Fifty years ago today, the public release of the May 16 notification marked the start of the Cultural Revolution, a ten-year nightmare for the Chinese nation, in addition to being one of the most disgusting periods of evil demonstrated in world history. Recently, the non-official debates among general public have been largely focusing on whether there will be another Cultural Revolution. Those who are optimistic think it is impossible for China to see another Cultural Revolution. Since the reform and opening-up in 1978, China lost the ideological, political and economic soil as well as the authoritarian leadership to mobilize the modern-day masses, who have better education, a broader outlook and independent thinking. Moreover, most Chinese leaders, vested interest groups and emerging middle classes will not allow another Cultural Revolution to occur.
By contrast, pessimists warn that the Cultural Revolution could happen again, as the soil for the Cultural Revolution is considered still fertile, citing many re-emerging Cultural Revolution-style activities such as the “red songs” gala, strict propaganda and political movements, as well as growing personality cults since Xi Jinping’s coronation.
It is hard to imagine another Cultural Revolution on a similar scale in a modernized and globalized China. However, the seeds of Cultural Revolution have yet to be fully eliminated. Just four years ago, the then-Chinese premier Wen Jiabao warned another Cultural Revolution could happen again without successful political reform. Without valuing the rule of law, democracy and human rights, the risk of another Cultural Revolution remains. A more dangerous risk than another Cultural Revolution, however, is how China has been trying to deliberately cover up the Cultural Revolution.
China always tries to teach its neighbor Japan that “ Forgetting history is a betrayal, and denying a crime is to repeat a crime ”, but it commits the same mistake when facing its own alleged crimes from the past. The best way to avoid repeating a mistake is to bravely confront it and draw reasonable and profound lessons from it. In this regard, China should learn from Germany, which has fully and repeatedly conducted decades-long introspection of the Holocaust during the Nazi regime.

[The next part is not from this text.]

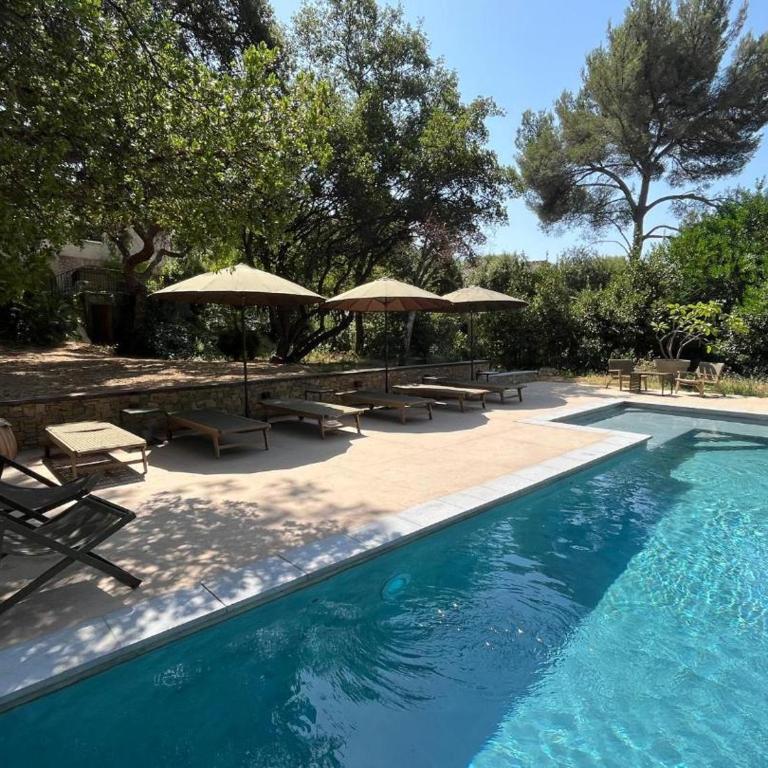 Maison de bord de mer sur la Cote d'Azur - Villa - 13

Unfortunately, none of China’s leaders possesses either the willingness, courage or capability to deeply review the Cultural Revolution beyond the untouchable conclusion base on the “ Resolution on Certain Questions in the History of Our Party Since the Founding of the People's Republic of China (June 1981) ”, which gave the appearance of addressing the Cultural Revolution, but without a thorough introspection.
During this sensitive fiftieth anniversary, a sensitive time, the official silence inside mainland China and the intensive discussions outside, one cannot help but wonder: who has the right to claim the Cultural Revolution as part of their history?
Chinese leaders worry that public discourse of the Cultural Revolution may divide the nation, cause social chaos and jeopardize the Party’s legitimacy. That may be a valid concern, but the truth will come to light sooner or later, and self-disclosure and being uncovered by others will reveal totally different stories.
For decades, the Chinese Communist Party has expended a great deal of effort to bury such a disgraceful memory of the Cultural Revolution, while the West’s interests in exposing the shameful scar have never faded away. Ironically, the Cultural Revolution happened in China, but the most publicly available research has been done in the West. As a Chinese national born in the 1980s, well into Deng Xiaoping’s tenure, I only got the chance to comprehensively know the Cultural Revolution when I studied overseas. I was then shocked by the unbelievably brutal substance of the “ten-year disaster” (shí nián hào jié), a prevailing narrative of the Cultural Revolution in China. Our Chinese nation paid the bloody cost during the great human tragedies, but the rest of the world learnt the lessons. What a pity for China!
The Cultural Revolution was indeed a shame for our Chinese nation, but it will be more shameful for us to try to cover it with self-deception. Instead, we should wisely follow the Chinese proverb “A fault confessed is half redressed.” (zhī cuò néng gǎi, shàn mò dà yān) After all, it is our Cultural Revolution!
Sun Xi, a 1980s China-born alumnus of the Lee Kuan Yew School of Public Policy at the National University of Singapore, is a senior investment analyst and independent commentary writer based in Singapore.